Lync took the longest to get installed. That might be because it’s still officially in "preview edition" or because we were using an earlier version of Microsoft Office and it wants to install the 2013 Live Office version. Nevertheless, the 2013 Windows client still crashed several times and I had to re-install it on a second Windows 7 computer before I could continue testing. Once I got it installed, it was easy to start meetings and share various pieces of content. Lync charges on a per-user basis ($6 a month). It supports iOS, Windows Phone and Android mobile devices.

Skype Premium

Skype Premium

Skype is our favorite telephony application, but as a general-purpose Web meeting service it is lacking. You can't initiate a group video call from the mobile client. Also, the mobile client can't send video from the phone camera. You can use the mobile client to view a shared screen or participate in a group audio conference. And if you do a one-to-one call you can get the video from your mobile.

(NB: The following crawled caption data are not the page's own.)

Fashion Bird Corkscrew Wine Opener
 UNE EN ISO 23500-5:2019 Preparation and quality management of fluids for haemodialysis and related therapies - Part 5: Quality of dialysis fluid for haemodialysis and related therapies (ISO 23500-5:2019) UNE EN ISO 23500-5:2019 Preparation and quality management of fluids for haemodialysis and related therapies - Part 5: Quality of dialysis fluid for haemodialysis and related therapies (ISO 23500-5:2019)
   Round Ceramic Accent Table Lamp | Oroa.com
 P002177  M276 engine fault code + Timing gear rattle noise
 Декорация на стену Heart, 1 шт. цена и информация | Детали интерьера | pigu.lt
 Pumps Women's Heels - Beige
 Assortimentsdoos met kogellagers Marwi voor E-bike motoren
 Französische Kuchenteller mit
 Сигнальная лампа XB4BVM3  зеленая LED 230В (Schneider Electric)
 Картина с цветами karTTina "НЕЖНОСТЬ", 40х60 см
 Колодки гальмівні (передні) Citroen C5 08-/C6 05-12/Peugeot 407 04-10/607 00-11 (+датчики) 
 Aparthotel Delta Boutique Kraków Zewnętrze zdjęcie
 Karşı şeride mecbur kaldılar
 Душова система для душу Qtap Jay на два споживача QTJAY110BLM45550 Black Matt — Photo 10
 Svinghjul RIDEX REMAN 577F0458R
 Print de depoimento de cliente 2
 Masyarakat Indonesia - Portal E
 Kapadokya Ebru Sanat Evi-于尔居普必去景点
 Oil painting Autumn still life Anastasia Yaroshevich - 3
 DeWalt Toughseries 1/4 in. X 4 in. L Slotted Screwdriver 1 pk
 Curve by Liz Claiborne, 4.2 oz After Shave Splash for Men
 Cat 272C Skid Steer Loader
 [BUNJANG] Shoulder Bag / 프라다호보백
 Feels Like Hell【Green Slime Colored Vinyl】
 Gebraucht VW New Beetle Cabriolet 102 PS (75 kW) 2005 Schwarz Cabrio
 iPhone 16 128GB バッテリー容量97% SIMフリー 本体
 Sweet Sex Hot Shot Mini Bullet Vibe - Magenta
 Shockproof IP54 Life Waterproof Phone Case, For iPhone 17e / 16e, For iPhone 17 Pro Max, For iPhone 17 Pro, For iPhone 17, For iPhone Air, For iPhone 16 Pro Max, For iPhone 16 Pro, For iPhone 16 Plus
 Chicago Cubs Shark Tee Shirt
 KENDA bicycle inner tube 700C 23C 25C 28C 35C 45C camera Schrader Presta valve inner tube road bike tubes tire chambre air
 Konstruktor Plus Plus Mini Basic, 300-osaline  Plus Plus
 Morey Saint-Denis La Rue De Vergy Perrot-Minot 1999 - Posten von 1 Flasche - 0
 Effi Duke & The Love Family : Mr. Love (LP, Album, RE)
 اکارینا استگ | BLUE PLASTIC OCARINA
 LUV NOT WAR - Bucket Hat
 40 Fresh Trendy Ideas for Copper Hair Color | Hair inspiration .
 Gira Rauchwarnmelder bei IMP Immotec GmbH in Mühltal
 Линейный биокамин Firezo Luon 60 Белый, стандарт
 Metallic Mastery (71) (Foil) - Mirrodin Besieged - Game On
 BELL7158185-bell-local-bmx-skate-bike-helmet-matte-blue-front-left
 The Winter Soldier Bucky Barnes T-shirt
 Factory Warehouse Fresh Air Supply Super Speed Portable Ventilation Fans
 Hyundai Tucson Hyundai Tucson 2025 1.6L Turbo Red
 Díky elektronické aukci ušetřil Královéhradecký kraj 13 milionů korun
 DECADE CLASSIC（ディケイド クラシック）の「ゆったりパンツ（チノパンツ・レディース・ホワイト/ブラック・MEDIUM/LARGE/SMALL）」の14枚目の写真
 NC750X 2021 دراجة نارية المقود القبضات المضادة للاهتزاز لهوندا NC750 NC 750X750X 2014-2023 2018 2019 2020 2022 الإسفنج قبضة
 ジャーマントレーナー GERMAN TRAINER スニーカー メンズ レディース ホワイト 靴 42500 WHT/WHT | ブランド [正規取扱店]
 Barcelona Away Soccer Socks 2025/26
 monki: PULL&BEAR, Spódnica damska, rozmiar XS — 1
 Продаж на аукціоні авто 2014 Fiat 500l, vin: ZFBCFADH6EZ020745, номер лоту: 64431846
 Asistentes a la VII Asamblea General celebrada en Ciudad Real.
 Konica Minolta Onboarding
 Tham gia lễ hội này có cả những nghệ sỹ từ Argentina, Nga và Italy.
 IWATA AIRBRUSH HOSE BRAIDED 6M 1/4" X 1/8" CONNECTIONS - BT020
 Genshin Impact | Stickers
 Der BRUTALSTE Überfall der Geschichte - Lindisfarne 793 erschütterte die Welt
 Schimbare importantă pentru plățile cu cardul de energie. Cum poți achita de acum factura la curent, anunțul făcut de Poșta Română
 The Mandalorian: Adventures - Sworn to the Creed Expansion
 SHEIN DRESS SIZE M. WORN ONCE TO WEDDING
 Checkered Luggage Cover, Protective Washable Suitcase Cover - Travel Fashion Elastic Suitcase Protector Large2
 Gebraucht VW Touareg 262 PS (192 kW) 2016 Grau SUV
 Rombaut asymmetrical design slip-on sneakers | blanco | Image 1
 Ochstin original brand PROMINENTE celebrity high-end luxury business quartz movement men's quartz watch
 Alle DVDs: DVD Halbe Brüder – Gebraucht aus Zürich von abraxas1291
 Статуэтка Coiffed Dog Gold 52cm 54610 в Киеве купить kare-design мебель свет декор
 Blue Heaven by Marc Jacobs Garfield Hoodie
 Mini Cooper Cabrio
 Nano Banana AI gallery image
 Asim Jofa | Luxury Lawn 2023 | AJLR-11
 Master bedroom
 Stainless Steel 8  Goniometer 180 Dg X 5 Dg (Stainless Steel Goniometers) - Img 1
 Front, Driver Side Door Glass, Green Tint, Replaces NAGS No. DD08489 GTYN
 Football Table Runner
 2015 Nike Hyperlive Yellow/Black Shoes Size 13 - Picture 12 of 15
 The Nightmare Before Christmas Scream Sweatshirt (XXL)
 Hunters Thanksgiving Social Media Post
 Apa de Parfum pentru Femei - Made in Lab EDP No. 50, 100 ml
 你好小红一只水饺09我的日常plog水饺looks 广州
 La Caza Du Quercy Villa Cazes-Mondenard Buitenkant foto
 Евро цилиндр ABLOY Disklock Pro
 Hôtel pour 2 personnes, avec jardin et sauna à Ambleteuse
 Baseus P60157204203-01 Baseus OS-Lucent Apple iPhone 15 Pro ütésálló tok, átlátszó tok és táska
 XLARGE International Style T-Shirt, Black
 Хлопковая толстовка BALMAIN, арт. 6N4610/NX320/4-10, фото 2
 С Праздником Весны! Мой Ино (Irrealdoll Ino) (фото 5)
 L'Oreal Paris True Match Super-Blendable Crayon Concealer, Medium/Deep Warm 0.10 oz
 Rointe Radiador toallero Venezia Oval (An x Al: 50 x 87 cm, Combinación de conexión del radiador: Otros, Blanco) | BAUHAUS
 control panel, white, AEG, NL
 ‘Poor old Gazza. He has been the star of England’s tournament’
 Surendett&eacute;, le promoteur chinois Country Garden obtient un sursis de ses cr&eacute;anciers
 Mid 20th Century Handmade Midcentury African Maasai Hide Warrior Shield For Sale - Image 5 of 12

Finally, the mobile clients can be slow to connect and post messages. The free version of Skype gives you the option to choose either a live camera video or share your screen. You can have both streams as part of the premium account ($9 per month per user).

Vyew Professional

Vyew Professional

Vyew takes seconds to set up. Even with its free plan, you have sophisticated controls over the rights of what each participant can do, along with comments, real-time text chats, and an integrated audio conferencing service. Vyew doesn't have a separate mobile client. Since it uses Flash, it won't work in iOS-based devices, and it didn't respond well in my Android phone's mobile browser. But you can't argue the price: there is a free plan for up to 10 participants at a single conference. Vyew also has fee-based versions.